*EXERCISE DIRECTIONS*
Find "Entran en vigor" in the records that follow; print that line and each subsequent line through the last one, verbatim and with nothing added.

*EXERCISE MATERIAL*
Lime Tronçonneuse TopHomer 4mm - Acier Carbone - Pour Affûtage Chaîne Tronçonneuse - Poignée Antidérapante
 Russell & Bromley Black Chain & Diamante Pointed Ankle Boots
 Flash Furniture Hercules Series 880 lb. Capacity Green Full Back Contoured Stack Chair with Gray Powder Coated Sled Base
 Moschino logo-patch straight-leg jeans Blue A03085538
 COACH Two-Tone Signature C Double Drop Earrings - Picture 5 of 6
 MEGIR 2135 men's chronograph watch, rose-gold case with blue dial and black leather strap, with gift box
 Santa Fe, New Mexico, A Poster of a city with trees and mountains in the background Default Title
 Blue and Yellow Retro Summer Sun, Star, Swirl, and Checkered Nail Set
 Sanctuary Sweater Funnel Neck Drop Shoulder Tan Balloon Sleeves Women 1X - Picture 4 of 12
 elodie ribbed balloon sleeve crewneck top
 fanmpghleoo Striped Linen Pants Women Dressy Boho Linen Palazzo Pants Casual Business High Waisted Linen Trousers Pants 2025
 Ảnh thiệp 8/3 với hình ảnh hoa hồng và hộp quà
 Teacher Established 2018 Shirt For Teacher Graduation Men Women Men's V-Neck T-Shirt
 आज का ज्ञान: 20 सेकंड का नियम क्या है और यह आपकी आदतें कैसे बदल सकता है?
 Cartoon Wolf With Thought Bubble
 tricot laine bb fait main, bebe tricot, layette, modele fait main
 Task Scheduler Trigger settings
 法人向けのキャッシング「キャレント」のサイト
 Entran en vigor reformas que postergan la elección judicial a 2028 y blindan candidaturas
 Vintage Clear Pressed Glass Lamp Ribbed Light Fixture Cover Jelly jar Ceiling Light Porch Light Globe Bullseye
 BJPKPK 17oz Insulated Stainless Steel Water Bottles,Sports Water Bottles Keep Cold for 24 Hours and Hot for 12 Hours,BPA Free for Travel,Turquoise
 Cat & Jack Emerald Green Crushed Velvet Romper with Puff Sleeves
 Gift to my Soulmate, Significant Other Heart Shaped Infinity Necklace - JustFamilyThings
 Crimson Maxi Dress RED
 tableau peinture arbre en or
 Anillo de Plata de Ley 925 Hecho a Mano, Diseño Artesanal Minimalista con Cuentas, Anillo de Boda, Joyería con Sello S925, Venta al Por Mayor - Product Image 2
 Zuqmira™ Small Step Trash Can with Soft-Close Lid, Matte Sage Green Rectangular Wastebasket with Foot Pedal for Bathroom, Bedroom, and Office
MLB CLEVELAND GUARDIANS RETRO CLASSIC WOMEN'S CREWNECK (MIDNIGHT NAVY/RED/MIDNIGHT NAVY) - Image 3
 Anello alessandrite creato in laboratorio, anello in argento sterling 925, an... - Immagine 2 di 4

*PROBLEM SOLUTION*
 Entran en vigor reformas que postergan la elección judicial a 2028 y blindan candidaturas
 Vintage Clear Pressed Glass Lamp Ribbed Light Fixture Cover Jelly jar Ceiling Light Porch Light Globe Bullseye
 BJPKPK 17oz Insulated Stainless Steel Water Bottles,Sports Water Bottles Keep Cold for 24 Hours and Hot for 12 Hours,BPA Free for Travel,Turquoise
 Cat & Jack Emerald Green Crushed Velvet Romper with Puff Sleeves
 Gift to my Soulmate, Significant Other Heart Shaped Infinity Necklace - JustFamilyThings
 Crimson Maxi Dress RED
 tableau peinture arbre en or
 Anillo de Plata de Ley 925 Hecho a Mano, Diseño Artesanal Minimalista con Cuentas, Anillo de Boda, Joyería con Sello S925, Venta al Por Mayor - Product Image 2
 Zuqmira™ Small Step Trash Can with Soft-Close Lid, Matte Sage Green Rectangular Wastebasket with Foot Pedal for Bathroom, Bedroom, and Office
MLB CLEVELAND GUARDIANS RETRO CLASSIC WOMEN'S CREWNECK (MIDNIGHT NAVY/RED/MIDNIGHT NAVY) - Image 3
 Anello alessandrite creato in laboratorio, anello in argento sterling 925, an... - Immagine 2 di 4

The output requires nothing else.